** What you are asked to do **
Pictures excluded, copy word for word the lines from the one holding "Snow-covered trees in" through the last line below.

** Information supplied **
- - - -
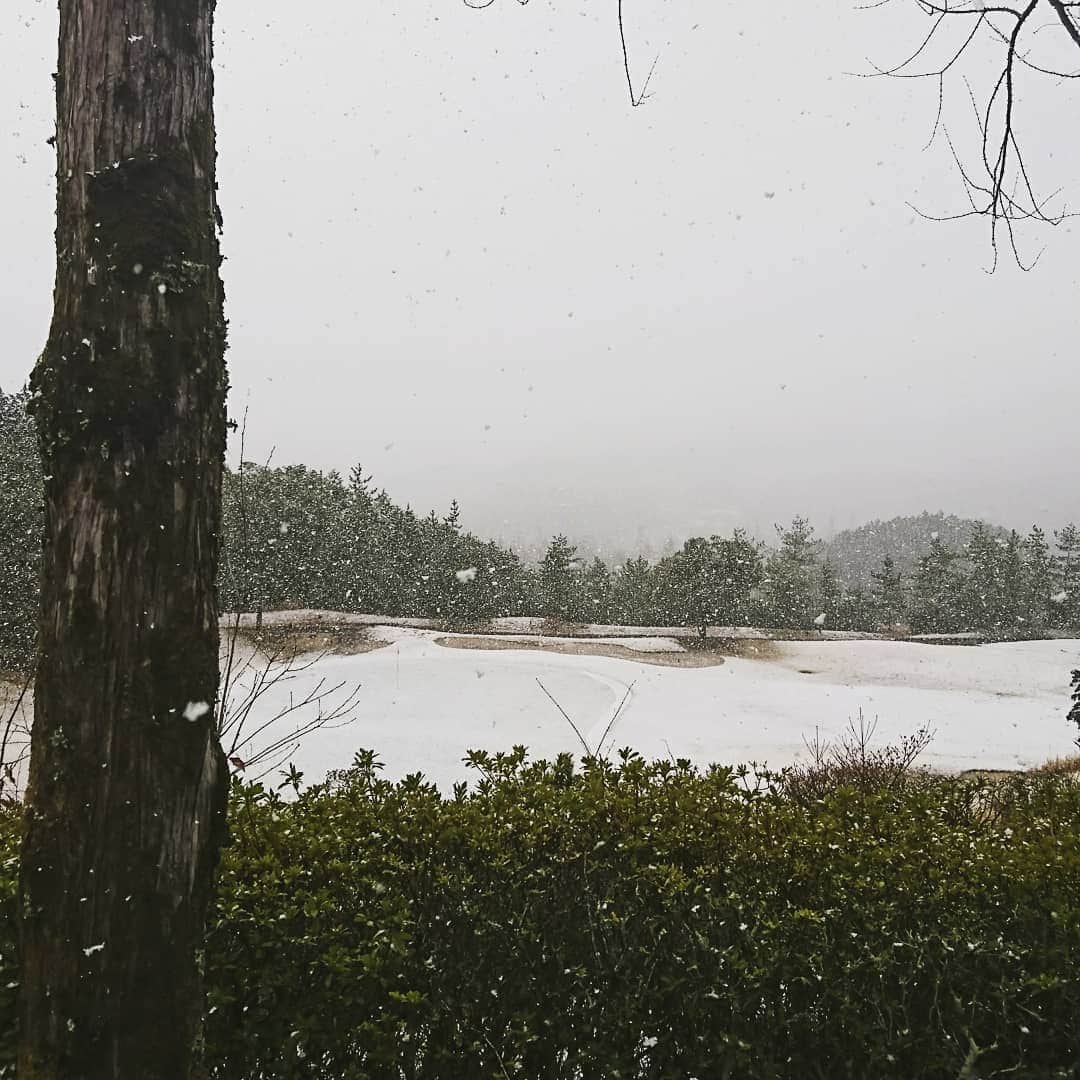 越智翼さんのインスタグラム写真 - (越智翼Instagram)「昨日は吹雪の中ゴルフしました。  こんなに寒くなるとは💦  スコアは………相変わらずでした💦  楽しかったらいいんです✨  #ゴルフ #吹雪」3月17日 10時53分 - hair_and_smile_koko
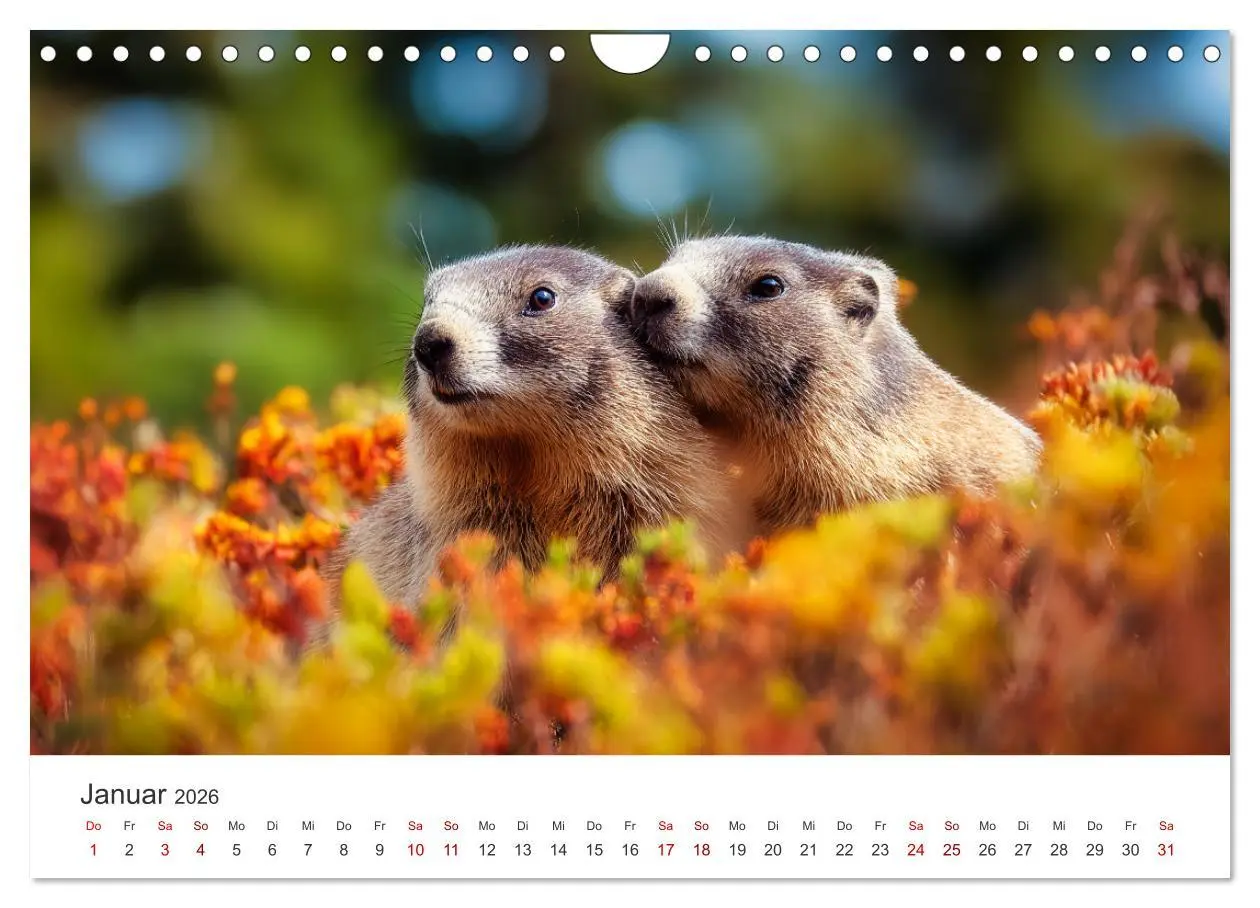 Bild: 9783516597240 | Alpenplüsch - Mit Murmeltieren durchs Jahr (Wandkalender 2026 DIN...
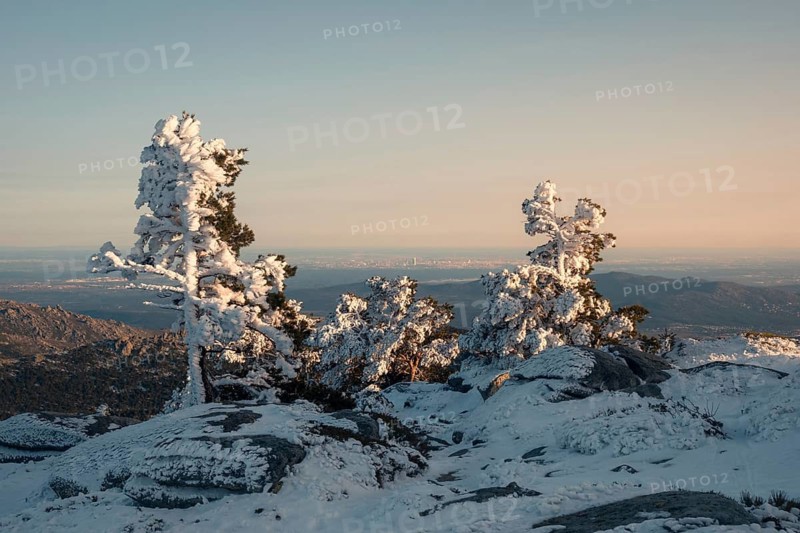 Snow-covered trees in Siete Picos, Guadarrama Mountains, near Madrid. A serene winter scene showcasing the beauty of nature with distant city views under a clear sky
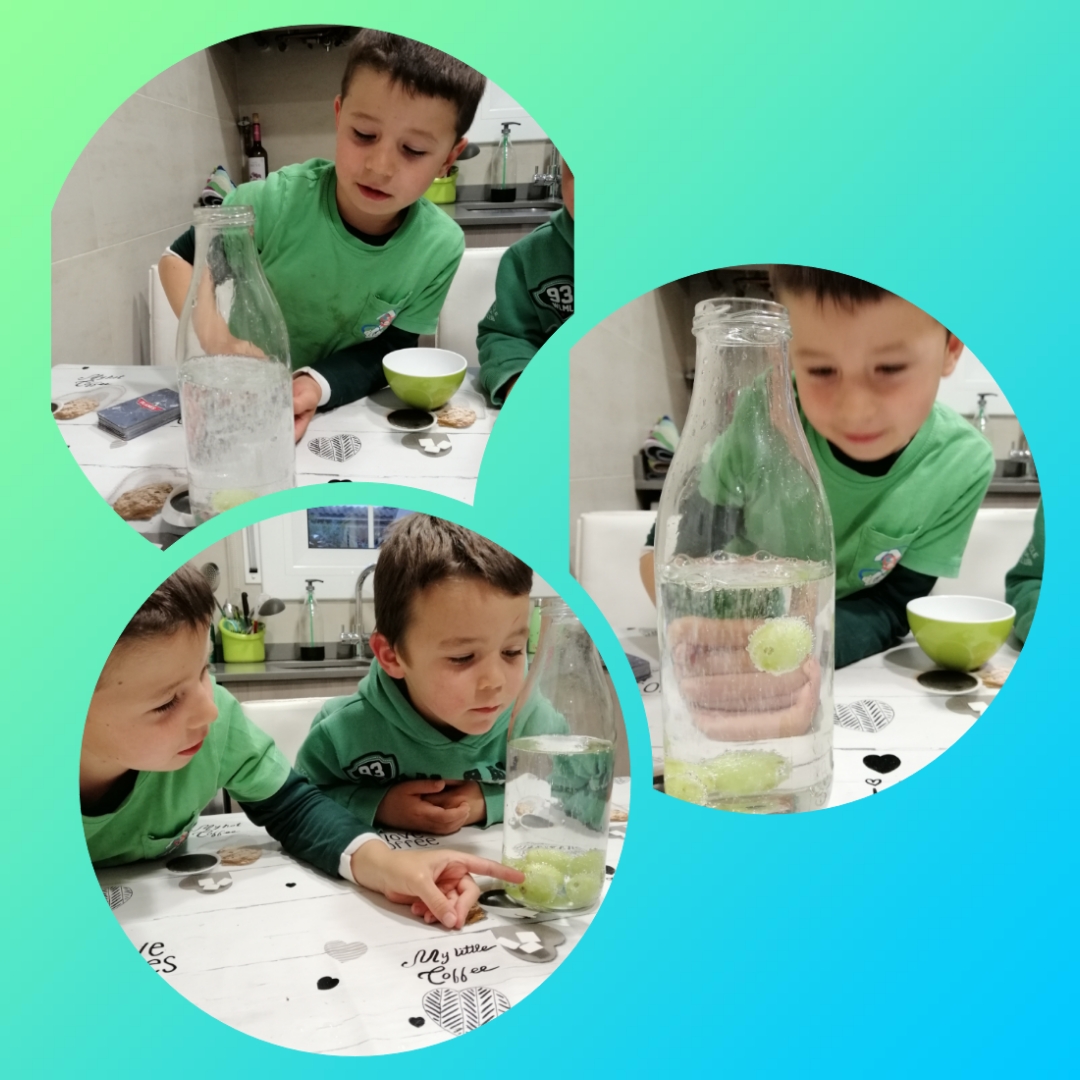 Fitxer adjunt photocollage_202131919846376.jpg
- - - -
** Solution to this problem **
 Snow-covered trees in Siete Picos, Guadarrama Mountains, near Madrid. A serene winter scene showcasing the beauty of nature with distant city views under a clear sky
 Fitxer adjunt photocollage_202131919846376.jpg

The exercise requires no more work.